I told complete strangers that I’d be there for them, whether it was to be the personal assistant or peacekeeper during their wedding, or just listen to them chat about their challenges months before the big day. I wrote the ad before the ice cream melted and pressed send.
Five days and 459 emails later, I started working with my very first bride, Ashley. After 37 phone calls with her over the course of two months, I found myself sitting nervously on the runway of the Minneapolis–Saint Paul International Airport, ready to take part in Ashley’s wedding. This was the first time I had ever been hired to be a bridesmaid. I had done it for my friends more than a handful of times, but here I was doing it for a complete stranger.
Would her other bridesmaids take me in as their own, or would they reject me? Would I know how to help someone that I’d only known for 65 days?

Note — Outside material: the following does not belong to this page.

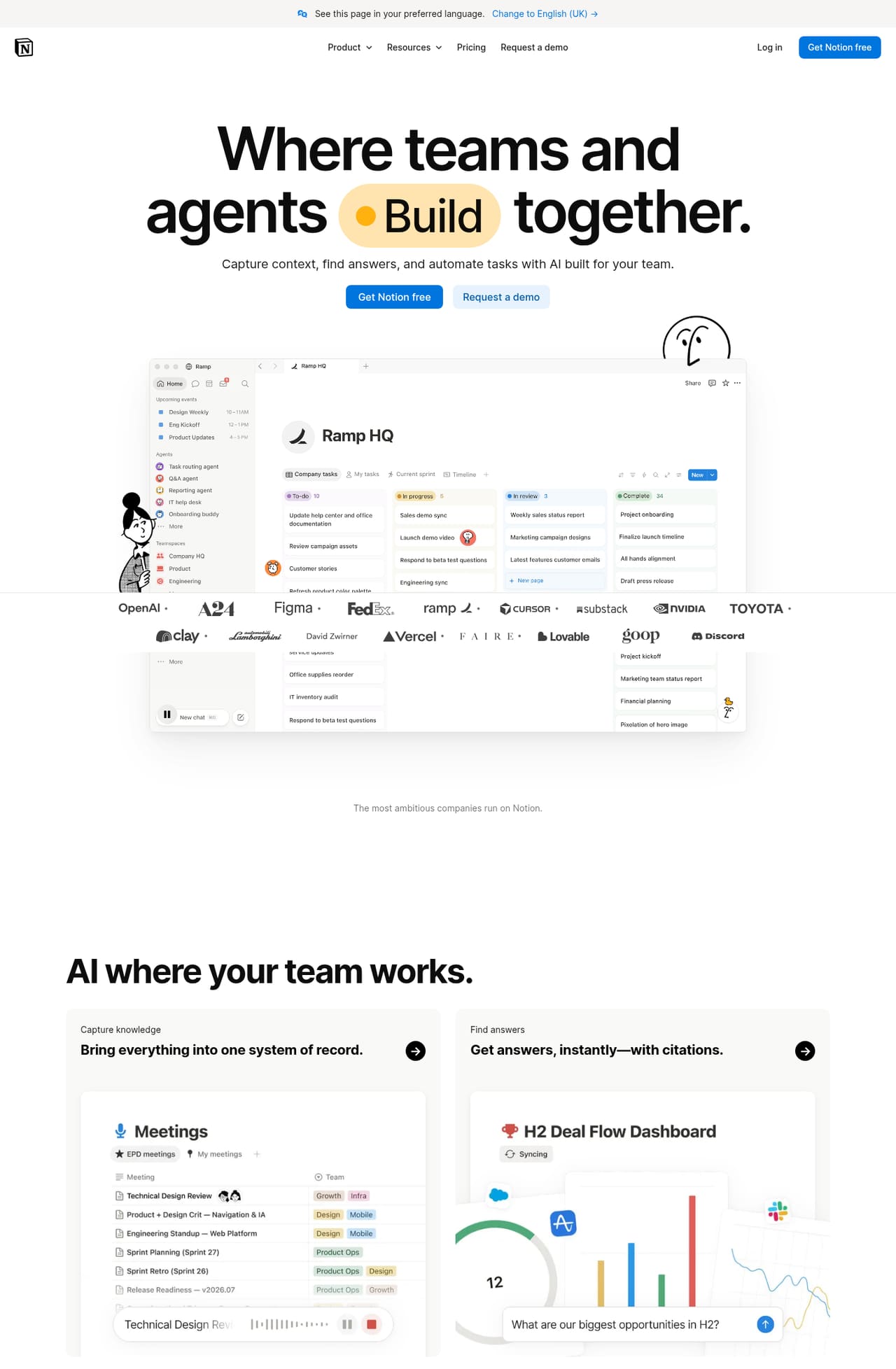 Notion Homepage screenshot, captured 16 Oct 2026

Ashley had replied to my Craigslist ad after firing her maid of honor, a good friend of hers who became not such a good friend after Ashley got engaged, ignoring her phone calls and making her feel bad about being over-the-moon excited to walk down the aisle. Though we often don’t expect it when signing up to help usher our friends through their wedding days, friendships can fall apart after the wedding is over — or sometimes even before.
Despite my nervousness, Ashley's wedding went flawlessly. I was by her side for her first look, on the dance floor with her 'til midnight, and even a helpful hand when she needed someone to lift up the layers of her dress to pee.
Many more customers followed — and, to my surprise, some of them went from being customers to being close friends. After Ashley, I worked with Rod and Buck from Australia; Jen and Nancy from Chicago; Elle from Texas; and many others. Bryn from Brooklyn and I especially hit it off. As I left her wedding, I hugged her goodbye and said something I never thought I’d say when I started this business last year: “Can we still be friends?” I said it in an honest way, a way I hoped would put the exchange of money for temporary services in our past.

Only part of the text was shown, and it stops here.